Build Indices

The build indices subworkflow generates indices for the following bioinformatics tools. It builds the tool indices based on the previously pulled resources. An extensive list of all supported bioinformatics tools can be found here.

Note: When using the generated indices, it is essential to ensure that the versions of the tools used in your analysis match the versions of the tools that were used to create the indices. Mismatched versions may lead to errors or inconsistent results.

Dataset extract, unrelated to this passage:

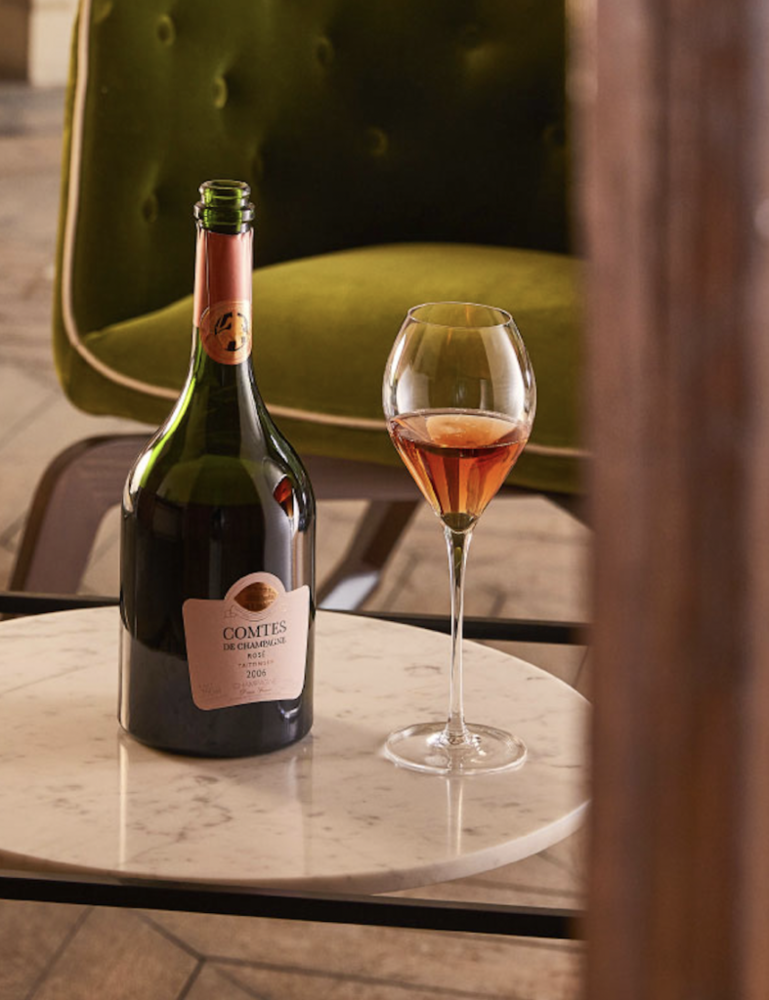 Comtes de Champagne, an exceptional cuvee - Champagne Taittinger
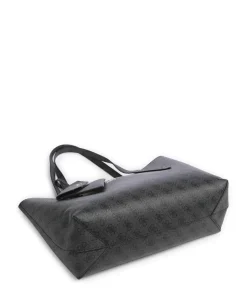 Brenton Shopper Lederimitat anthrazit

The versions for each tool can be found in the respective environment yaml file in workflow/envs.

Input

The build indices workflow is run after pull resources. Therefore, the output of the pull resources workflow has to be present in the directory, where the indices should be generated (snakemake command line parameter --directory has to point to a directory that was created with the pull_resources workflow).

Usage

To run the build indices workflow run the following command.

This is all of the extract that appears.